Cool new sprites. You should use more vibrant colors, though. They both look a bit washed out! Did a quick edit on your eye monster for a comparison:
Your eyeball was completely gray. As a general rule, you should never be using true grays in any of your drawings, unless you're going for a very specific effect. In real life, you'll never find any true grays, anywhere. Take a picture of anything (even your eye!) and then do a color picker on it in photoshop or whatever. Unless it's very dark or your camera is broken, you should have some color reflected in there! In cartoony drawings like yours, it's even more important to use colors and lots of contrast, otherwise it'll look depressing and dull. Remember to make your drawings pop. Try weird color combinations! It's better to be a bit oversaturated than to be undersaturated, I think.
Ah, I also gave him some secondary shading from the ground in an attempt to make him look a bit shinier looking. Yours wasn't looking very reflective, in my opinion. Not sure how well I succeeded. Also played around with his iris, giving it a shadow and such. The iris...group...thing bulges off the eye a bit...it's not flat. The cornea is set inside the eye, sort of like a funnel shape? I think, anyway! I advise you to look up eye anatomy, hahah!
Note that my edit isn't too great. But that's because I'm not too great. XD
I'm actually hoping someone else does an eye edit now, so I can see what I did wrong, too. I had a hard time picking decent colors for it, somehow.
Edit: Oh. Just a tip that might be a huge help to you, Bowtie. (It was to me the first time I saw it done!)

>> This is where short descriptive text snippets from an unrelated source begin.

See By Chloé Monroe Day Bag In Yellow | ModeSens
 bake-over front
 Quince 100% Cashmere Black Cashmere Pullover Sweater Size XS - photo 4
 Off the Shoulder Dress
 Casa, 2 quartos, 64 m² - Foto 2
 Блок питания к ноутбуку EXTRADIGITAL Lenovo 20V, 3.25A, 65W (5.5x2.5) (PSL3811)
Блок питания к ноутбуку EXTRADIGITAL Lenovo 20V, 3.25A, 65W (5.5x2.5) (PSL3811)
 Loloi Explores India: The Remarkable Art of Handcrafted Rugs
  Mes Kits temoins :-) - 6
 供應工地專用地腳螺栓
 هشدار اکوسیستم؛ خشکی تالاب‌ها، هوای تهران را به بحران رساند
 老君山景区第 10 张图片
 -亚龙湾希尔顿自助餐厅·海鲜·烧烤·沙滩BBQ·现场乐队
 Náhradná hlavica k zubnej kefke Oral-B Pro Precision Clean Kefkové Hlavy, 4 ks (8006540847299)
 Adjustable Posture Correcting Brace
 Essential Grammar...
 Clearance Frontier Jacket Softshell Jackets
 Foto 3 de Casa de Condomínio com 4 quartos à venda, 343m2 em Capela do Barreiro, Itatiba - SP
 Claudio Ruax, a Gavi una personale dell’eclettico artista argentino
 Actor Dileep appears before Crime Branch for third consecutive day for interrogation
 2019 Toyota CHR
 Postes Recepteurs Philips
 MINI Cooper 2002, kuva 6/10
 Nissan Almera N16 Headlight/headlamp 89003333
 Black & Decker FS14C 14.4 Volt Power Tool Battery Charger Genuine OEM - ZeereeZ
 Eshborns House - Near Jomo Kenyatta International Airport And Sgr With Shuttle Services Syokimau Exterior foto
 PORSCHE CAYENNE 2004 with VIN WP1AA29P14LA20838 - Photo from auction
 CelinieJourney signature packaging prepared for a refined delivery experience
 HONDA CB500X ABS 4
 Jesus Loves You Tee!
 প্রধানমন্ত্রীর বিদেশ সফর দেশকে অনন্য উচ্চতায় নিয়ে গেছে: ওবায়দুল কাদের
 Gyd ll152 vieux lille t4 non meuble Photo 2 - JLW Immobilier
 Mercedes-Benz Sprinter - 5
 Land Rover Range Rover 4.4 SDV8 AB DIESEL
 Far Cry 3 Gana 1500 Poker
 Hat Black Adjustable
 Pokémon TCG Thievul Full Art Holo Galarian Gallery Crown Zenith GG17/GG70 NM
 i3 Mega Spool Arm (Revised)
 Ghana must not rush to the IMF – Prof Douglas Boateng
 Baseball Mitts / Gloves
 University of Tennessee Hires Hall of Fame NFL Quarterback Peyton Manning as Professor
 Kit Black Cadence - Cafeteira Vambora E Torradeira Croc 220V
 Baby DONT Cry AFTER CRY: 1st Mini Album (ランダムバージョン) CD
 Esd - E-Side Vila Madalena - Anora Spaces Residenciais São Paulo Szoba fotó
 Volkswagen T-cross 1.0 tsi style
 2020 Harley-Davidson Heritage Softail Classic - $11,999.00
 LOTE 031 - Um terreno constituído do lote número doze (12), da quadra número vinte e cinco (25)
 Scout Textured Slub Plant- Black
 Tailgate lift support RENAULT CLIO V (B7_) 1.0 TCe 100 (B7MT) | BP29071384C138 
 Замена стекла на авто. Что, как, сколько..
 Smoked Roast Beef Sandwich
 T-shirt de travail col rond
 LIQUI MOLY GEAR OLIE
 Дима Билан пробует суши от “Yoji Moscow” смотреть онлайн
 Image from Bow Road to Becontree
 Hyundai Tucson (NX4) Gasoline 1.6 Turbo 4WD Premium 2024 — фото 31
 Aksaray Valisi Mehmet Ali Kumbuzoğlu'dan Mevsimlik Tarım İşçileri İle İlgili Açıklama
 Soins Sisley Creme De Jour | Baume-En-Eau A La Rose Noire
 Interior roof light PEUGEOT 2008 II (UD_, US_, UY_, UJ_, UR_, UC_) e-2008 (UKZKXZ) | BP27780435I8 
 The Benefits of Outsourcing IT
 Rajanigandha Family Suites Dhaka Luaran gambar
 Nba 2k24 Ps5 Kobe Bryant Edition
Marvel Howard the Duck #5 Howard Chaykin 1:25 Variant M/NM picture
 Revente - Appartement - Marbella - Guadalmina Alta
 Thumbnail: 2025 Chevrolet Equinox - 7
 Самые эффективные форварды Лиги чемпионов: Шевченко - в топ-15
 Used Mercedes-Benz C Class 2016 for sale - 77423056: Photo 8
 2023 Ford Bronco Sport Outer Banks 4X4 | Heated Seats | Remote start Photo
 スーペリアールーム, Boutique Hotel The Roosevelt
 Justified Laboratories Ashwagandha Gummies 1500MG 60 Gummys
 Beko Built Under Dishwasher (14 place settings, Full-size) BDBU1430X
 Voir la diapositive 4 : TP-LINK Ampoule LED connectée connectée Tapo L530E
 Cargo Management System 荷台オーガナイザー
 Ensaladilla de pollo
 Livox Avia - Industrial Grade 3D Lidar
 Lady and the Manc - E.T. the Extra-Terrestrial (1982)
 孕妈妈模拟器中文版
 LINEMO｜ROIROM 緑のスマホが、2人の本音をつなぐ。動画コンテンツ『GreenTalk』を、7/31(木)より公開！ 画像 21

Watching a lot of good digital painters do their thing, I noticed a lot of them started by filling their whole canvas with one color - basically whatever color they thought best fit the mood/lighting of their scene. If it was a swamp or a forest or whatever, they'd fill it with a murky green or a happier green, respectively. If it was an airplane battle scene, sky blue, etc. This helps set the mood for your piece, and it helps you paint the objects in your scene better too. Say you were doing the airplane scene. If you started out painting your Red Baron's plane with a simple white background, you might find that when you added the blue sky behind it, it looked too red. Because a red plane in the blue sky shouldn't *be* shaded like a red plane in a white void; the plane in the sky would be picking up the blue light being shot at it from all directions from the sky. It'd end up looking purple in a lot of places!
So when I paint now, I start with a wash for my main color. Then I paint the rough background and such. Then I add in the objects and shade, and keep on adding detail and changing things till they look right. So, when you're making your sprites, it's best to draw them on the background they're going to appear on, so you have an accurate idea of what they're really going to look like. If you don't have a background for them yet, or don't feel like making one, I'd at least suggest putting a wash behind them besides white. The colors surrounding an object dictate what color the object is going to appear as! I drew my eyeball edit assuming he'd be under a cheerful cartoon sky, for example. If he was in a cave, he'd be colored completely differently. Your eye looks weird because you colored him as if he exists inside of a white nothingness, which he obviously doesn't! That makes him look depressing.